Instruction for the entries that follow: retype exactly the lines from the line with "Large CC Quilted Patent Brilliant Camera Bag" to the line with "Lacoste Girl Clothing-Girls'", both included, and omit all others.
----
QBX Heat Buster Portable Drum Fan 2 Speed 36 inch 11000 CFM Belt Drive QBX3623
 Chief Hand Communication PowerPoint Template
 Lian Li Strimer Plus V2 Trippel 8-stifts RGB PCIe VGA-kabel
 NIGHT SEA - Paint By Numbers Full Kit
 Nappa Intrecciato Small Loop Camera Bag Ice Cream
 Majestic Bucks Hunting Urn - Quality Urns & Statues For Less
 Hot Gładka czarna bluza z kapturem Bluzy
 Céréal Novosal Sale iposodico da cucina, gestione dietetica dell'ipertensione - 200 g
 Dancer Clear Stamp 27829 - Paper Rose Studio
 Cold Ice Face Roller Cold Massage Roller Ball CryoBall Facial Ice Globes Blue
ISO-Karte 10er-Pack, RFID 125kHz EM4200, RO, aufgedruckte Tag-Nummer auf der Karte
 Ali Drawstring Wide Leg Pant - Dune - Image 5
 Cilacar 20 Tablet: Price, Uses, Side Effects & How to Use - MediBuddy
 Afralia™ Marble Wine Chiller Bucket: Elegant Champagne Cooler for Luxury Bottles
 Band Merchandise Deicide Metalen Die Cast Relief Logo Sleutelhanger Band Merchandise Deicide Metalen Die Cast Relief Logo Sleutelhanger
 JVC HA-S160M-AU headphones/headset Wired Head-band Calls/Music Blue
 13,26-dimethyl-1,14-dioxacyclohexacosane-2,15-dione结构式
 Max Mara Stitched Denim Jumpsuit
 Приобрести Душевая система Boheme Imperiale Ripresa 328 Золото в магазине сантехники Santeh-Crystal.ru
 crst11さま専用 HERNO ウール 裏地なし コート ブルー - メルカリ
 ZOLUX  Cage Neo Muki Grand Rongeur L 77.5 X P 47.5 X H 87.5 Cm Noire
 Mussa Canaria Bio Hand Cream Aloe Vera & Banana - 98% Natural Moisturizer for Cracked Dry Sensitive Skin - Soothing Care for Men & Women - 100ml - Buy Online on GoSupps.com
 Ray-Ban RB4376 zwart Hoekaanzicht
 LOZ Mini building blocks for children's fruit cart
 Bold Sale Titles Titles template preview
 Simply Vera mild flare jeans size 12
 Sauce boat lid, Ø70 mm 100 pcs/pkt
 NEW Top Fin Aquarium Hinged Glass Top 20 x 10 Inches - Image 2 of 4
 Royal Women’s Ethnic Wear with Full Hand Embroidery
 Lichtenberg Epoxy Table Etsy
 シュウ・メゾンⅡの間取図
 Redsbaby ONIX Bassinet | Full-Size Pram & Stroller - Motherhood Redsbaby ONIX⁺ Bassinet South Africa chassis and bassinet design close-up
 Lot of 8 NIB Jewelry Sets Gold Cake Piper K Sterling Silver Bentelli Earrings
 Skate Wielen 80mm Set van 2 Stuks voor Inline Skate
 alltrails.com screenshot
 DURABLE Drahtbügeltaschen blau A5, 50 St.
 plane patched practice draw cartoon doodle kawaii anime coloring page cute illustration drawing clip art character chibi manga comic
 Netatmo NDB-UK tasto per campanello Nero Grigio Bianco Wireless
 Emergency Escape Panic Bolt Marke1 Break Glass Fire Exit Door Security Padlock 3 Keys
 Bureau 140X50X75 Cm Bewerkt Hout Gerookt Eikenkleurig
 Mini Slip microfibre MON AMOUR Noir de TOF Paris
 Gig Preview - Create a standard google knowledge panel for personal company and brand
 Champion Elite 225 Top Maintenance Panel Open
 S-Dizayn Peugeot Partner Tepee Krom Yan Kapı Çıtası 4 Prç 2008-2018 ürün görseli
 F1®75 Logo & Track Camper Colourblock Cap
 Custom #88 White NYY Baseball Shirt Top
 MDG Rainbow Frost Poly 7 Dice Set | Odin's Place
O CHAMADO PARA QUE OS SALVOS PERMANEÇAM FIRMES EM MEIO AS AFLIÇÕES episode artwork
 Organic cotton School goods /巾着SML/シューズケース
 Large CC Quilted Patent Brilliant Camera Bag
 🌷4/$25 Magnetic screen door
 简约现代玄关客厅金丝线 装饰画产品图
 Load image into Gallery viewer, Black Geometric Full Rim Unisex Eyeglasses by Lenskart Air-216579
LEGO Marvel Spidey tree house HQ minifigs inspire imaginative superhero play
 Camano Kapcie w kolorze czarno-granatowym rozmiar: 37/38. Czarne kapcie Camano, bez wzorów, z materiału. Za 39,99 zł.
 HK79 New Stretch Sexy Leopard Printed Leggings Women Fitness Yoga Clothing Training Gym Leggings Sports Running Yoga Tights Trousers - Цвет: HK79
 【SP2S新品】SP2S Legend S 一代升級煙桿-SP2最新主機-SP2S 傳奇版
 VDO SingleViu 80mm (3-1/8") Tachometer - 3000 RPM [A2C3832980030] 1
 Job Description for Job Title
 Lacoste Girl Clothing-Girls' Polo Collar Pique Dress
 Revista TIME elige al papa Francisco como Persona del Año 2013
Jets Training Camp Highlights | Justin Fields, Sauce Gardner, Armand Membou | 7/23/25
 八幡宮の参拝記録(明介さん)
----
**Reply to the task:**
 Large CC Quilted Patent Brilliant Camera Bag
 🌷4/$25 Magnetic screen door
 简约现代玄关客厅金丝线 装饰画产品图
 Load image into Gallery viewer, Black Geometric Full Rim Unisex Eyeglasses by Lenskart Air-216579
LEGO Marvel Spidey tree house HQ minifigs inspire imaginative superhero play
 Camano Kapcie w kolorze czarno-granatowym rozmiar: 37/38. Czarne kapcie Camano, bez wzorów, z materiału. Za 39,99 zł.
 HK79 New Stretch Sexy Leopard Printed Leggings Women Fitness Yoga Clothing Training Gym Leggings Sports Running Yoga Tights Trousers - Цвет: HK79
 【SP2S新品】SP2S Legend S 一代升級煙桿-SP2最新主機-SP2S 傳奇版
 VDO SingleViu 80mm (3-1/8") Tachometer - 3000 RPM [A2C3832980030] 1
 Job Description for Job Title
 Lacoste Girl Clothing-Girls' Polo Collar Pique Dress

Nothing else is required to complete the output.